- What you will do: Every line from the one holding "Holiday Home Greifswald-Ladebow - DOS09062-F" through the last line of the records must be retyped exactly, and no other line or picture may appear in the copy.

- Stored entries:
______________________________

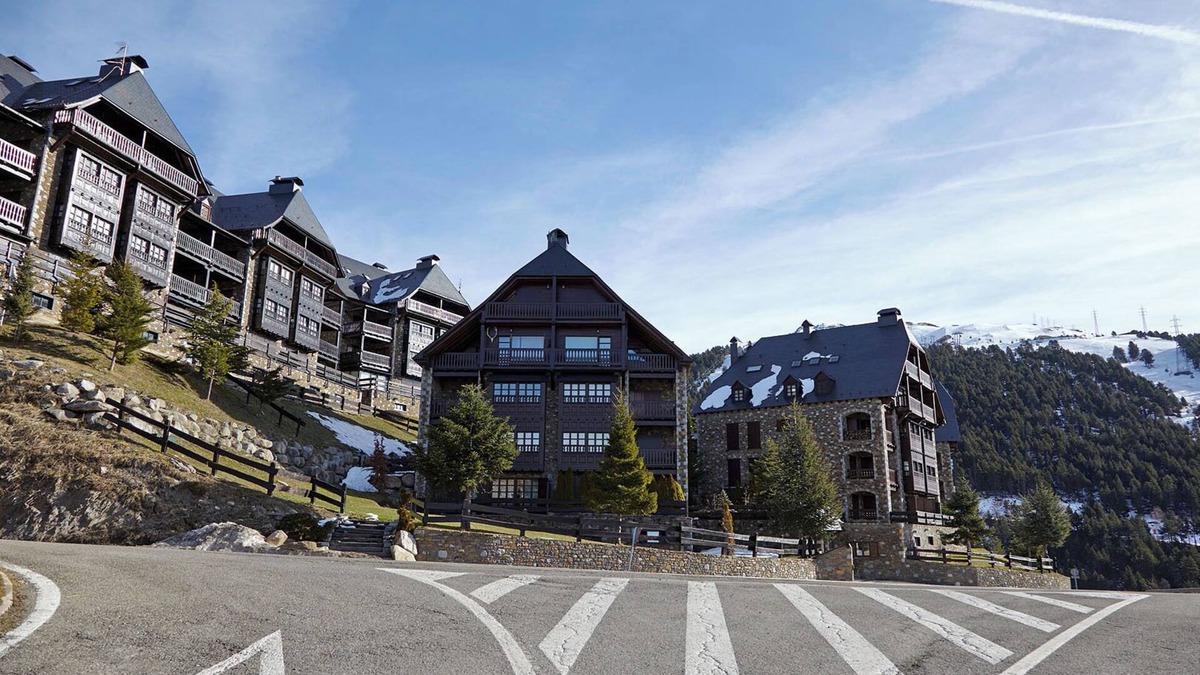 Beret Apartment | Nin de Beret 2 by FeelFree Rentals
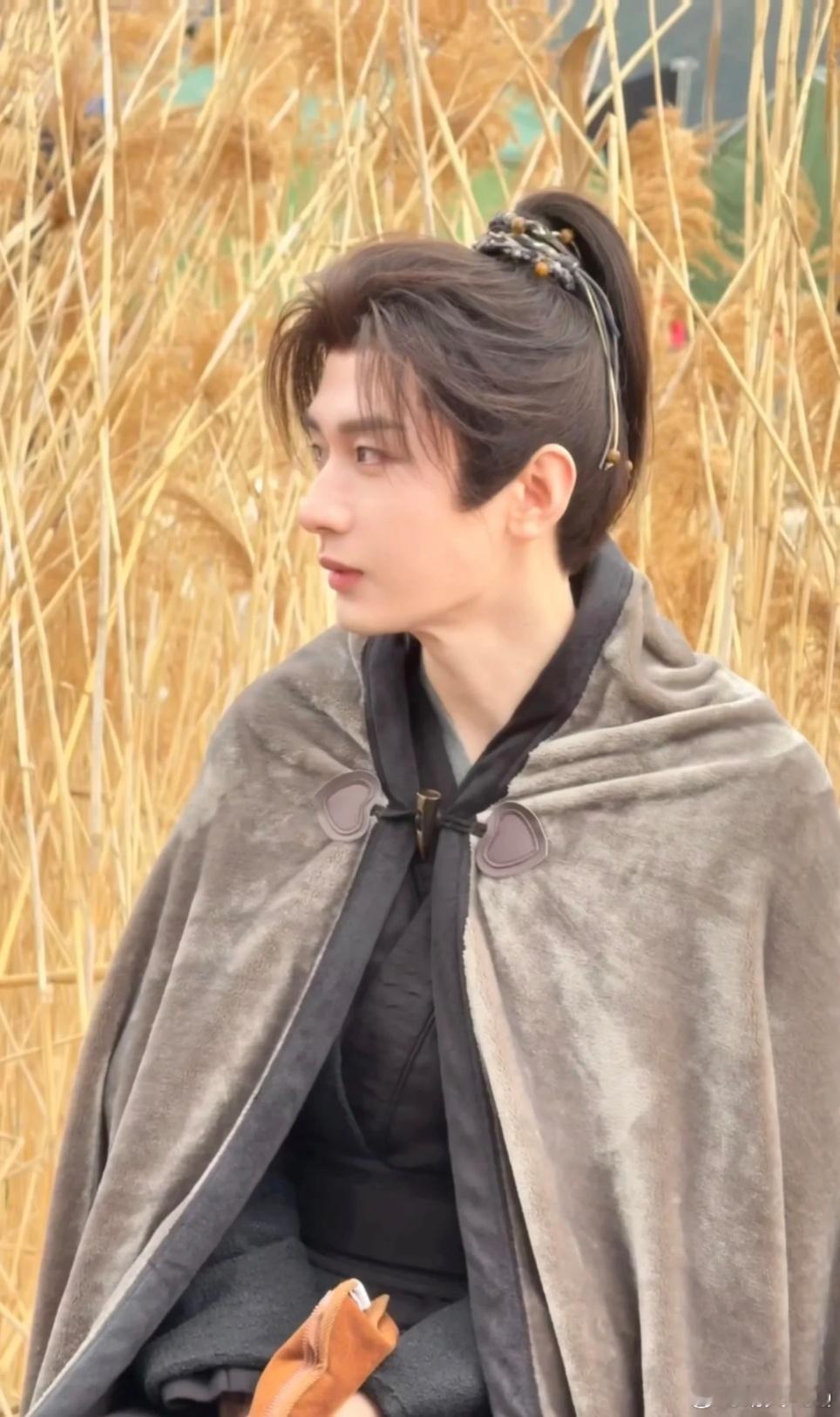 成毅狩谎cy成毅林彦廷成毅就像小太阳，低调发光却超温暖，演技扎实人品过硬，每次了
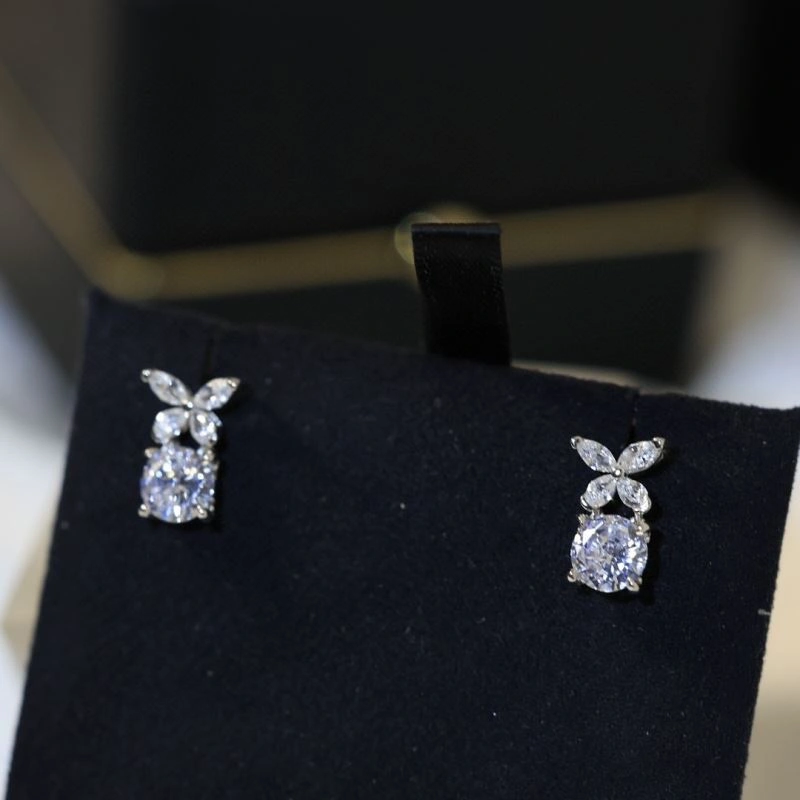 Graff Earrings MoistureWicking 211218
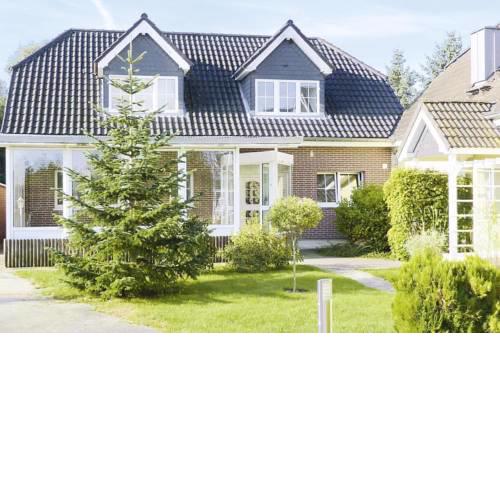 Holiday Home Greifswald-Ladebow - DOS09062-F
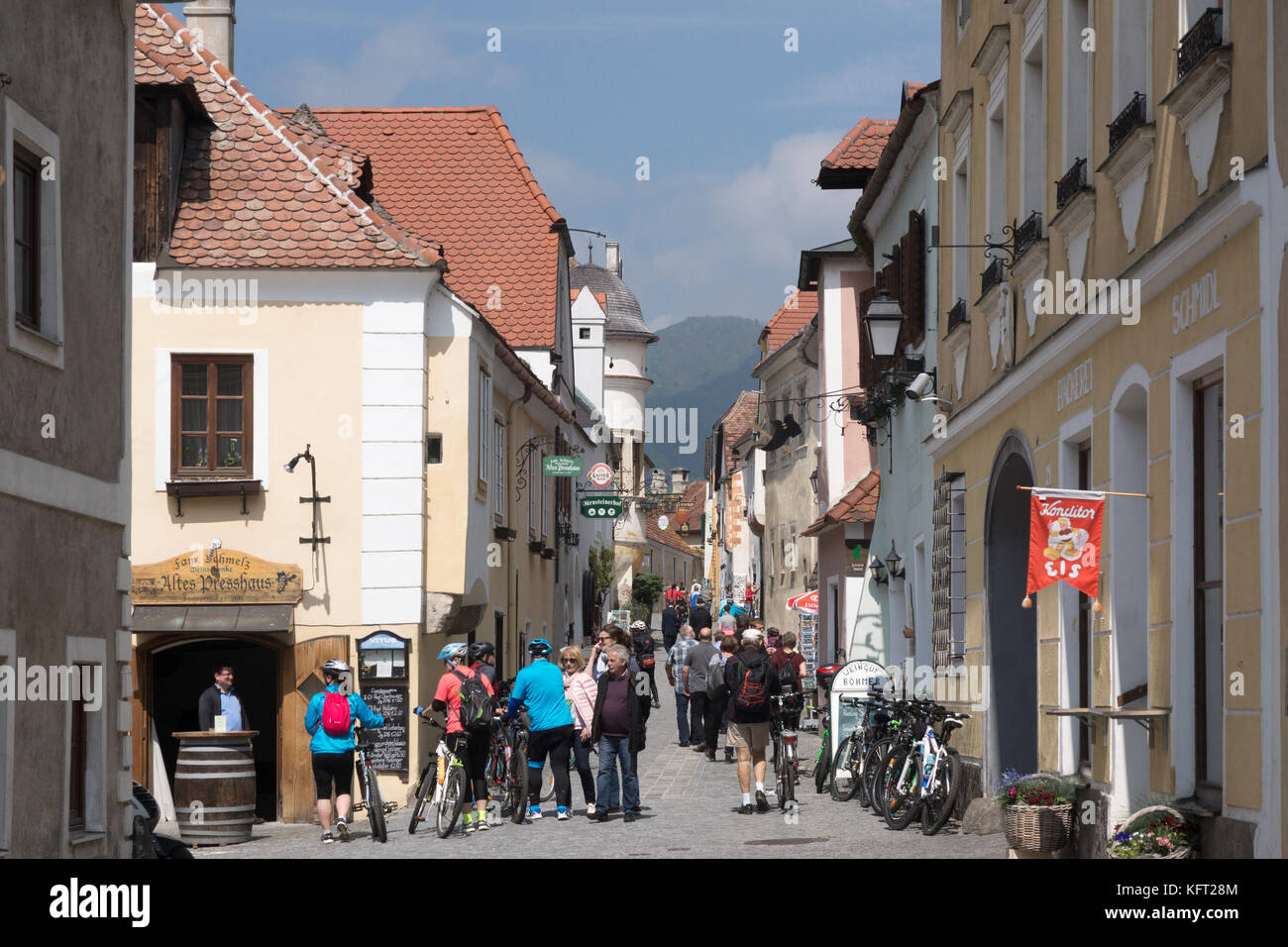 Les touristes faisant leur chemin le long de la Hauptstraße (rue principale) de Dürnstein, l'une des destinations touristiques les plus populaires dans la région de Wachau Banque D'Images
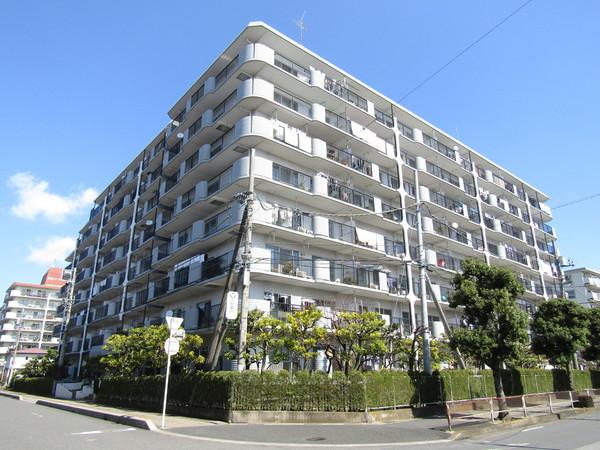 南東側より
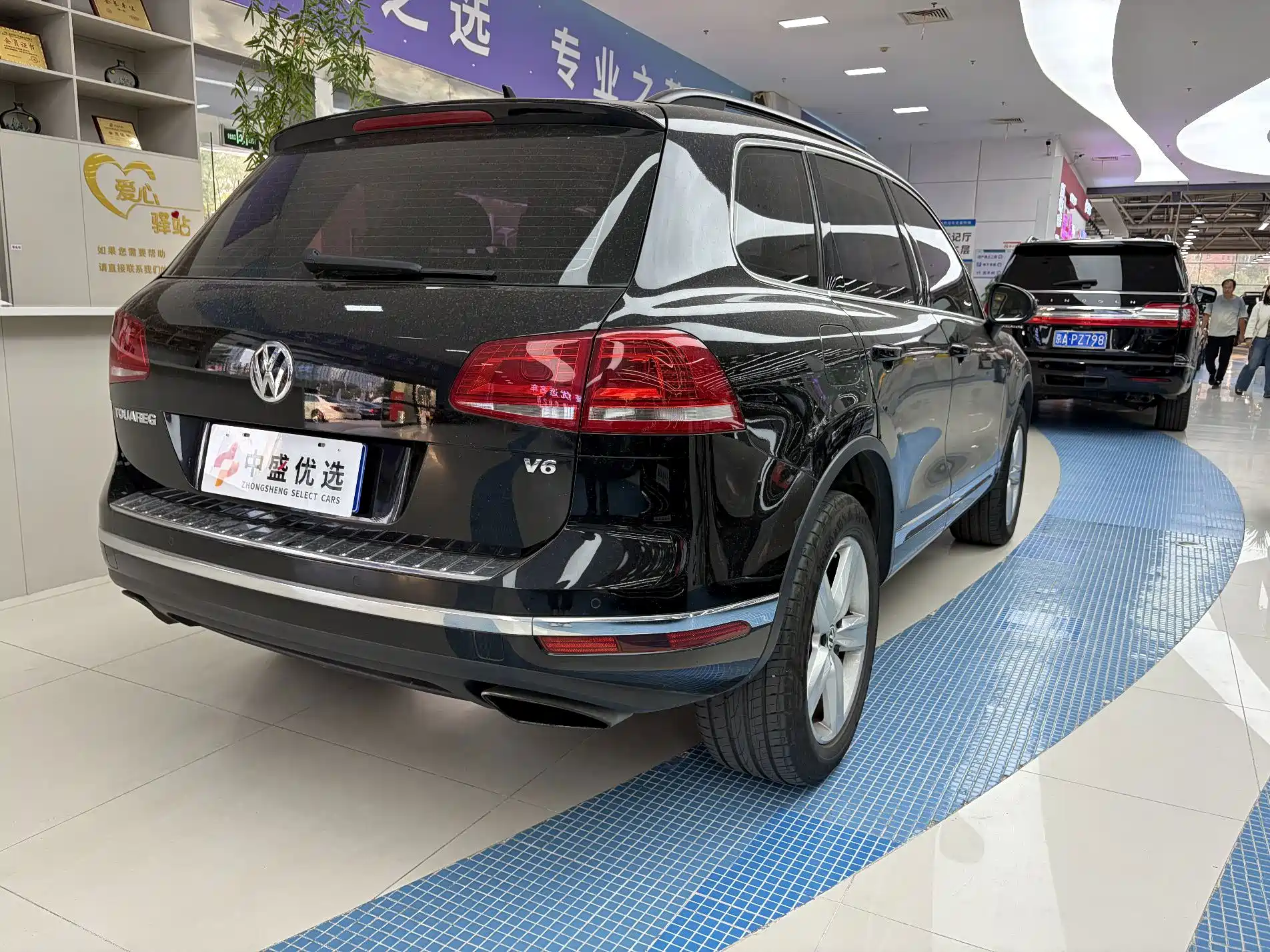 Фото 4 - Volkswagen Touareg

______________________________

- Reply:
 Holiday Home Greifswald-Ladebow - DOS09062-F
 Les touristes faisant leur chemin le long de la Hauptstraße (rue principale) de Dürnstein, l'une des destinations touristiques les plus populaires dans la région de Wachau Banque D'Images
 南東側より
 Фото 4 - Volkswagen Touareg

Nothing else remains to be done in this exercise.